Date of Award

January 2022

Document Type


Degree Name

Doctor of Education (EdD)


Educational Leadership

First Advisor

Bonni Gourneau


In the past decades, online course enrollment has steadily increased in popularity. In 2020, the Covid-19 global pandemic suddenly shifted most teaching and learning into the virtual world. The entire education system tried to quickly learn how to cope in this environment. Given the clear benefits of online learning, such as flexibility and versatility, coupled with instructors being more capable because of the pandemic, it is projected that online learning will continue to remain a popular option for students.
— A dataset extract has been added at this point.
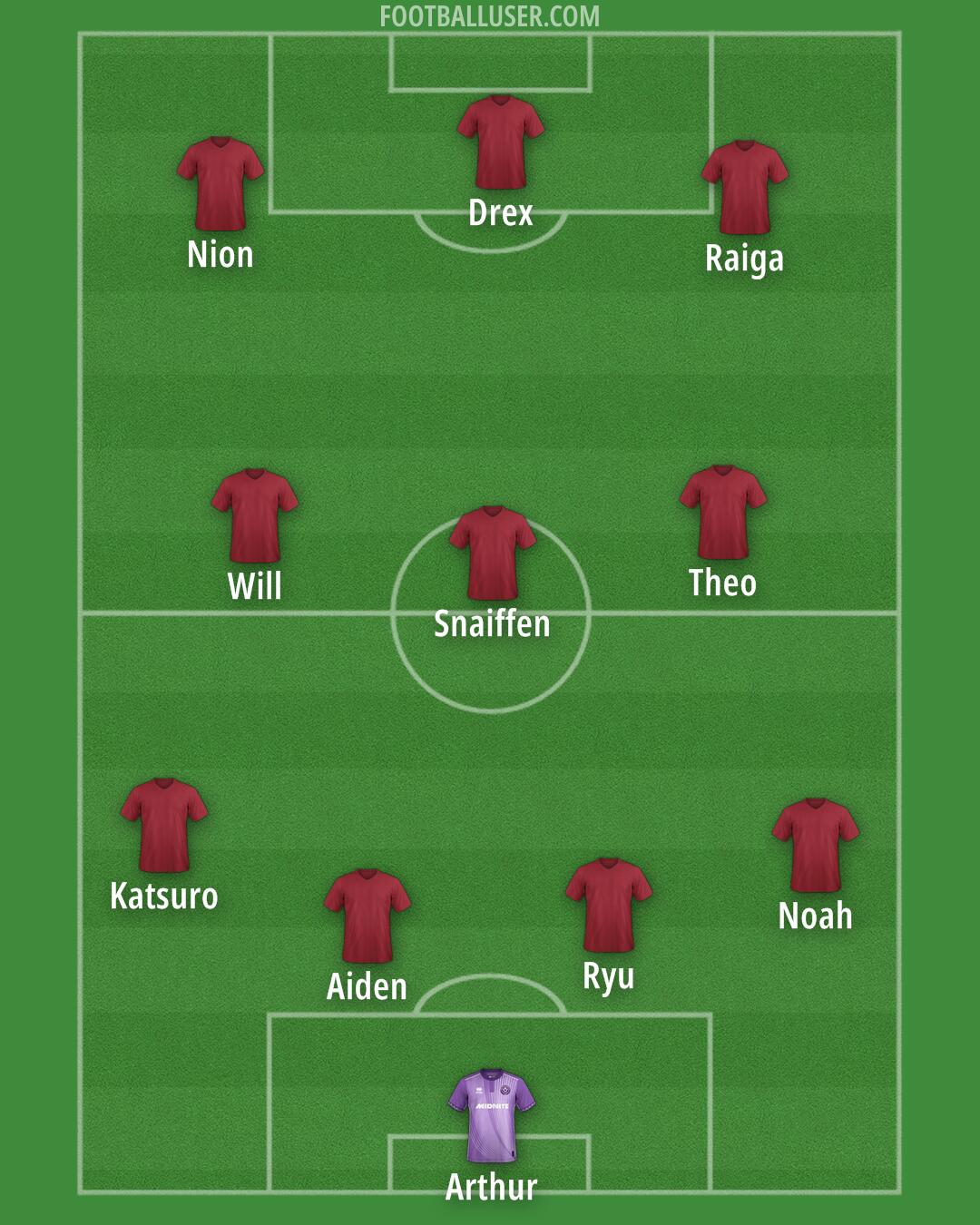 Sheff Utd Formation 2026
Knowing how to best engage students in an online environment is crucial to student success. Their engagement in the course positively correlates with academic success and satisfaction. This study assesses which instructional strategies are most engaging according to participants’ self-reported levels of engagement, as measured by motivation, enjoyment, and benefit to learning. This research assesses seven comparative sets of instructional strategies: three for writing online in the target language, three for speaking interpersonally in a breakout room, and one for peer presentational interaction. The participants were 19 undergraduate students in the second semester of introductory French at a liberal arts college in the Midwest. Results indicate that all strategies assessed in comparative sets were at least somewhat engaging, with all engagement averages between 3.2 and 4.4 on a 1 to 5 Likert scale. Although there were preferences for and against certain strategies, the positive results of this study result in a toolkit of instructional strategies that engage students in an online, synchronous course. This study culminates in an interactive website that explains the instructional prompts assessed and associated quantitative and qualitative results.